So the below gem has been recently brought to my attention, and I found it fitting to share some of my thoughts on it. The graphic below was produced by Bank of America. BofA surveyed 1,500 of their clients between February and March of 2013. I assume that base criteria for participants to be eligible to have their voice heard was to hold at least one credit card obtained through BofA.
I happen to find the results of this survey to be fascinating. I find it fascinating because I have not owned a single credit card for over four years. I used to believe a lot of the credit myths out there like: it’s important to build your credit score, student loans and mortgages are good debt and of course the nose in the air arrogant myth that “debt is a tool used to build prosperity.” I live my life off a zero based budget planned for at the start of every month. I use cash to make everyday purchases and write checks and use online payments for monthly, quarterly and annual bills due. So during the course of time in between that it takes for the Summer Olympic games to occur, perhaps I have lost touch with the psyche of credit card users, and probably more importantly their behaviors. So here’s the chart showcasing BofA’s findings.
Now when I started to piece together some of this information I actually started to find it rather humorous. More than half of BofA credit card users carry a balance on their card every month, nearly 9 out of 10 of them want to be rewarded with cash back while just under half want to be rewarded for responsibly managing their credit cards.
To me these numbers translate to this: Nearly everyone wants cash back on the use of their credit cards, but less than half use the cards responsibly.
Just as alarming is that more than half of users carry a monthly balance. And a third pay more than the minimum payment due, but fail to pay the balance off. Across 1,500 people, that is an awful lot of interest that is accruing and leaving the consumers’ pocket and finding its way to the fine people at BofA.
Look, I get it. Conceptually credit card users want to use credit cards for everyday purchases that we were planning to buy anyway: groceries, gas, rent, utilities, etc. And with these fixed expenses we plan, through credit cards, to put a little more coin in our pocket by getting an “easy” 3-5% back on these purchases.
“I won’t overspend.” “It will never happen to me.” “I’m going to borrow responsibly.” We all say it. Hell, even I used to say it. But statistically this is just not what’s happening out there. This study shows that we know we’re overspending, but as long as we get our “cash back” we don’t give a damn.
Well I’m telling you to give a damn. Easy access to credit through a credit card increases our likelihood of overspending. It happened to me, it’s happening to the majority of the 1,500 respondents and statistics are showing that it’s happening to the majority of credit card holders out there. BofA, Visa, MasterCard, Chase and all issuers of credit cards are not non-profit entities.
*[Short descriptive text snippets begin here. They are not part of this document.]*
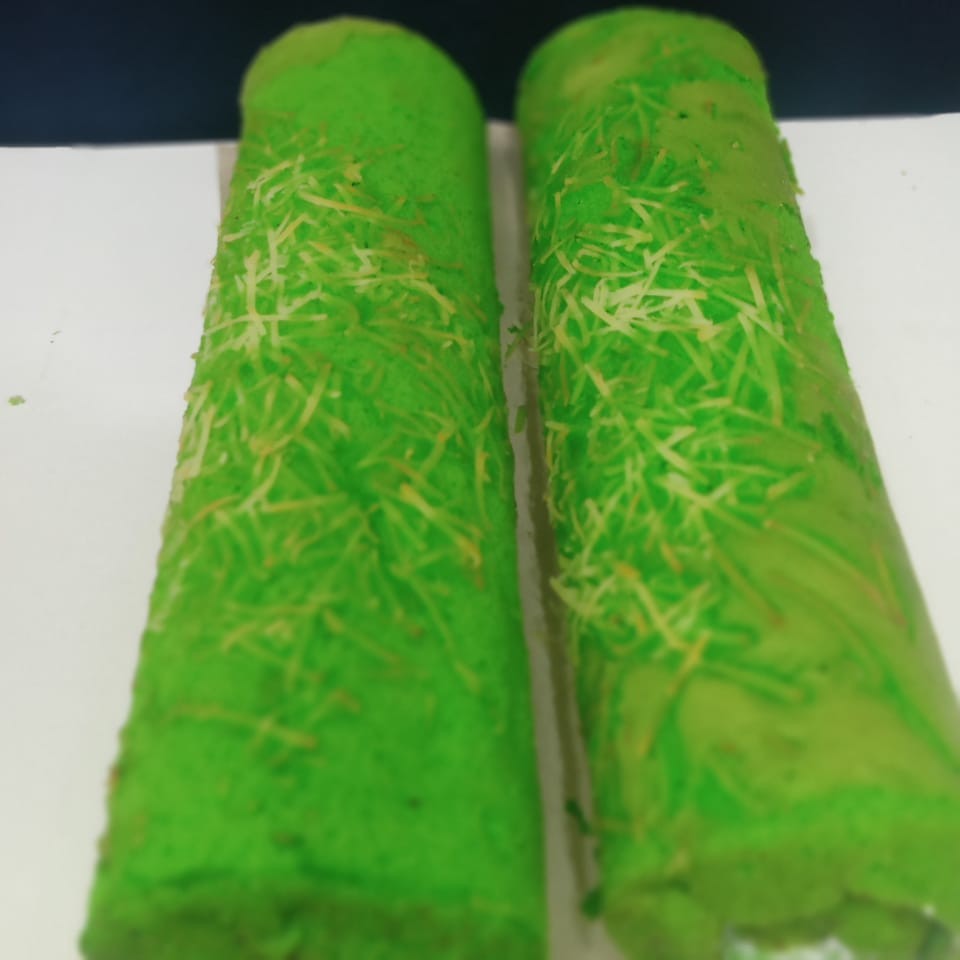 Roti roll pandan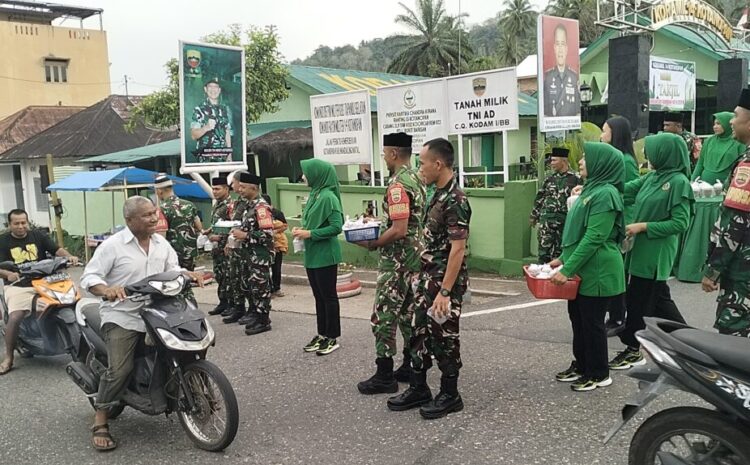 Personil Koramil 14 Kotanopan Bagi Bagi Takjil Puasa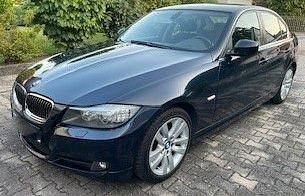 Blau Gebraucht 2009 BMW 330 Limousine | 8.350 € (Superpreis) - Bild 1/4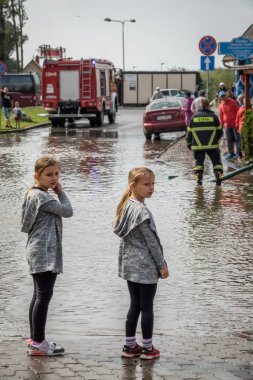 İki kız kardeş bir sağanak yağmur sonrasında seyir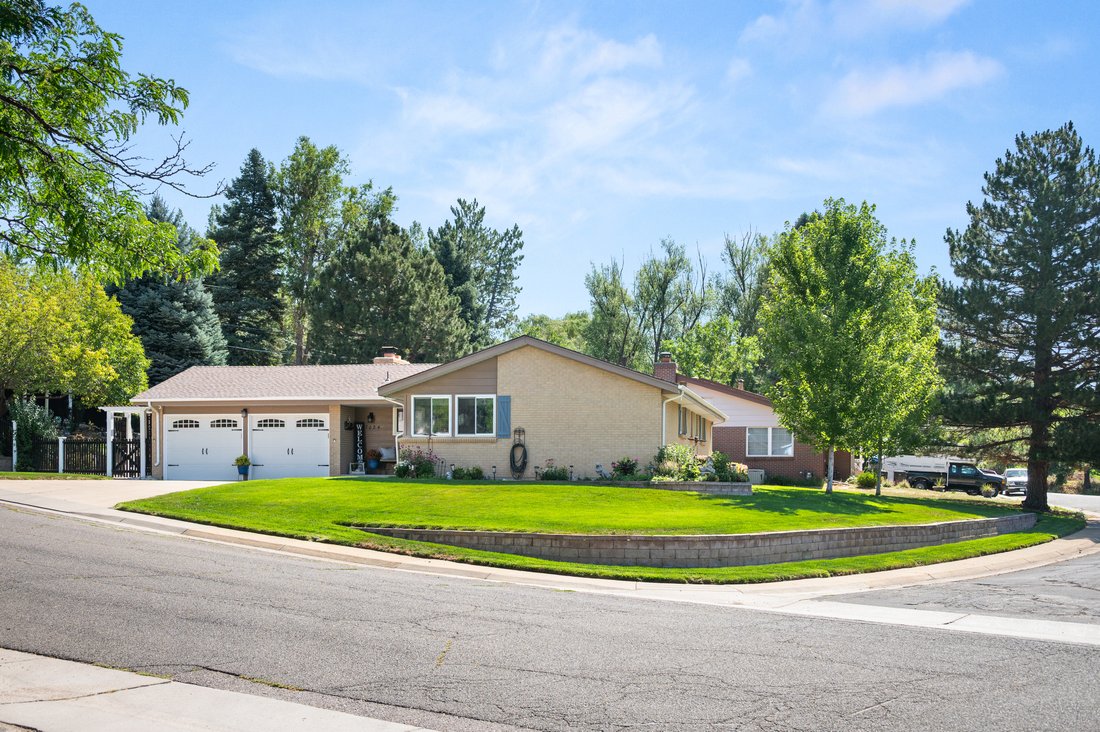 House in Arvada, Colorado, United States 2 - 18660884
They are not in the business of giving away profits in the form of “cash back.” The facts and statistics are showing that the interest paid on credit cards are large areas of profit for the lenders .nerdwallet.com did an assessment based on data from the Federal Reserve that stated through the end of February 2013, American households owed $848 Billion dollars on credit cards alone. And when you factor in stupidly high interest rates north of 16%, that totals out to a lot of stupid tax.
So I made the decision 4 years ago that I’m not playing games anymore. Credit card lenders were preying on me and foaming at the mouth for me to overspend and pay interest. So I switched to a cash based lifestyle, and must say that it’s been working pretty well for me.
I don’t get 3-5% back on my grocery purchases. Instead I am calculating and intentional with all of my purchases and do not overspend in my budget categories. I prioritize saving and am currently sending 6% of my gross income to my 401k and am heaving disposable income into my brokerage account. So ultimately I’ve traded making 5% cash back on money spent for making 16% on money that I’ve saved. And you know what’s better about the latter? At the end of the day I have the money saved still with me and the power of compound interest working for me instead of spending without a plan to earn a pathetic amount in cash back and wondering why I don’t have any money at the end of the day.
I’ll end this post with one of my favorite quotes from Albert Einstein: “Compound interest is the eighth wonder of the world. He who understands it, earns it…he who doesn’t…pays it.”